All of the data should be given again word for word, though the images are to be left out.

* Given data *
· · · ·

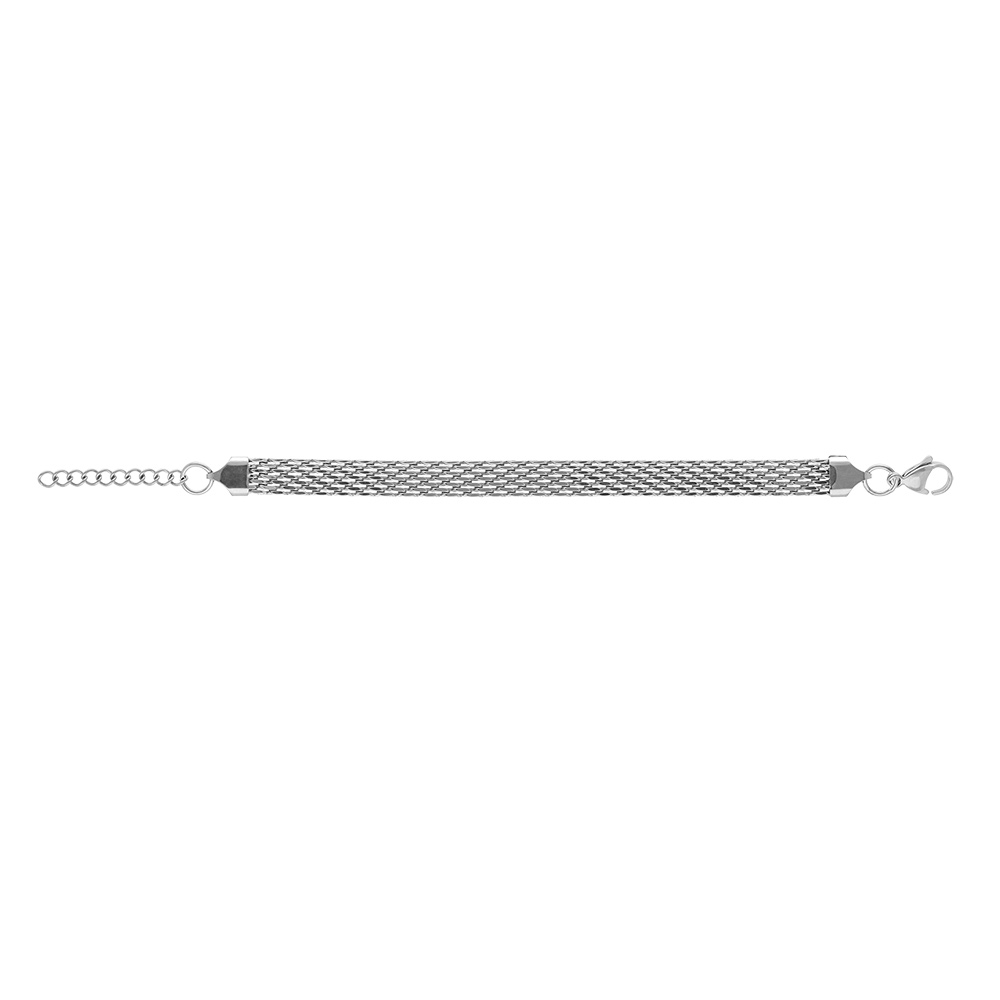 Bracelet en acier maille plate 8mm - 16+3cm - Vue 2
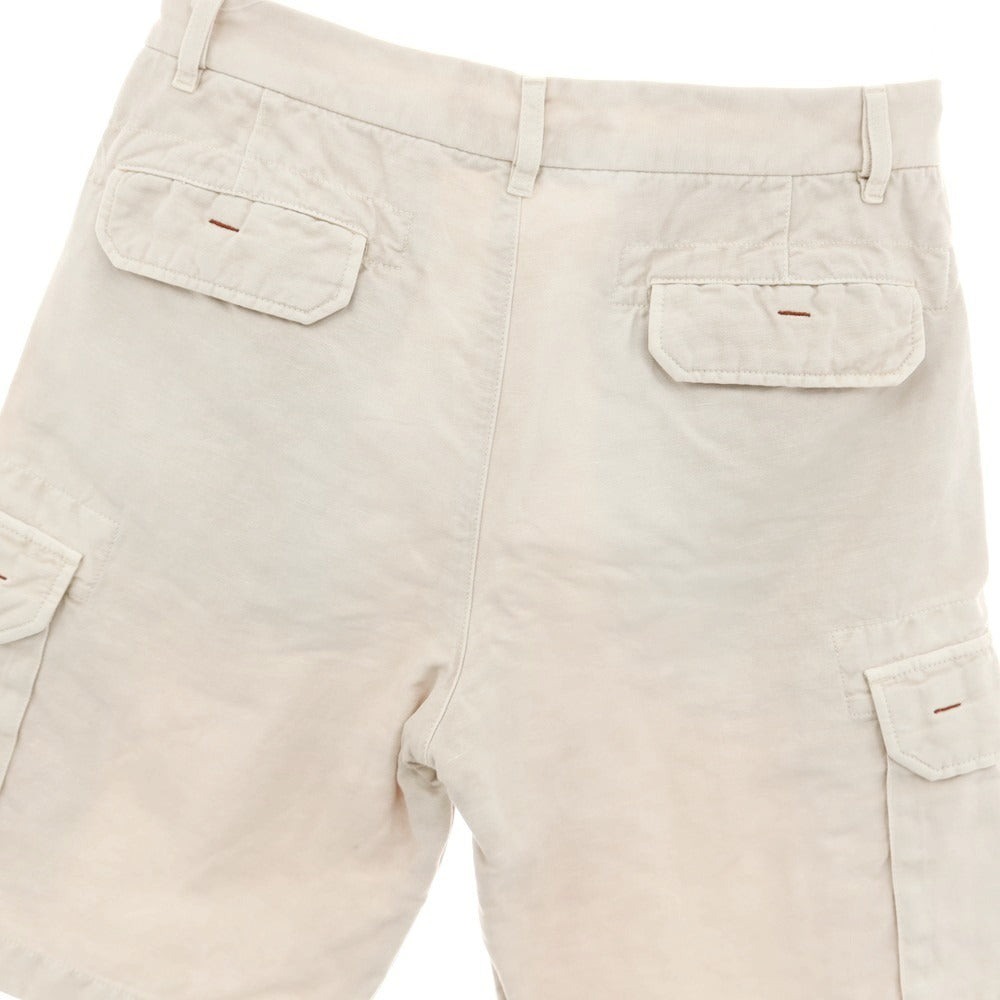 【中古】ロロピアーナ Loro Piana コットンリネン カーゴショートパンツ ライトベージュ【サイズ46】【 状態ランクC 】【 メンズ 】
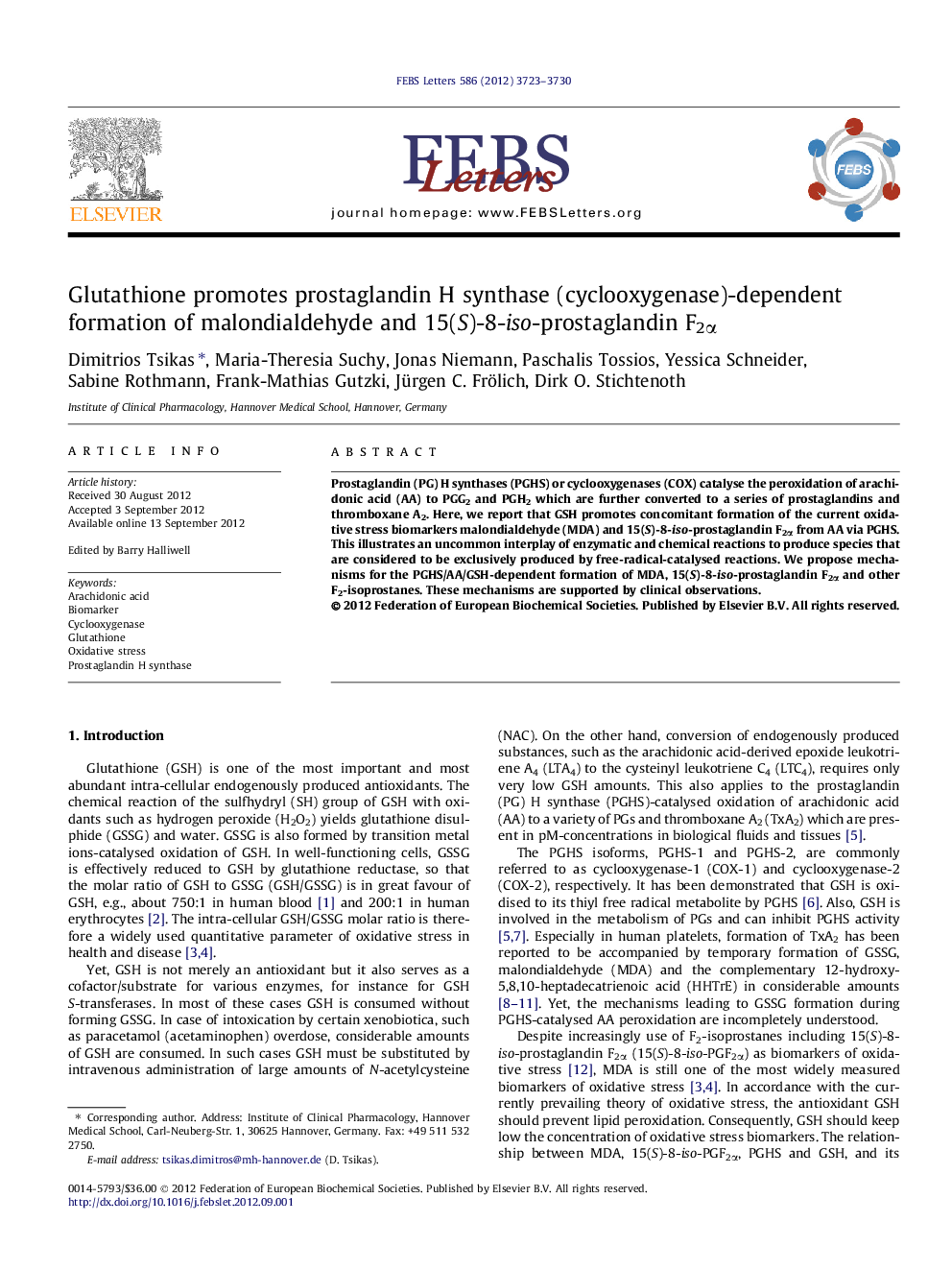 Glutathione promotes prostaglandin H synthase (cyclooxygenase)-dependent formation of malondialdehyde and 15(S)-8-iso-prostaglandin F2Î±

· · · ·

* Result of the exercise *
 Bracelet en acier maille plate 8mm - 16+3cm - Vue 2
 【中古】ロロピアーナ Loro Piana コットンリネン カーゴショートパンツ ライトベージュ【サイズ46】【 状態ランクC 】【 メンズ 】
 Glutathione promotes prostaglandin H synthase (cyclooxygenase)-dependent formation of malondialdehyde and 15(S)-8-iso-prostaglandin F2Î±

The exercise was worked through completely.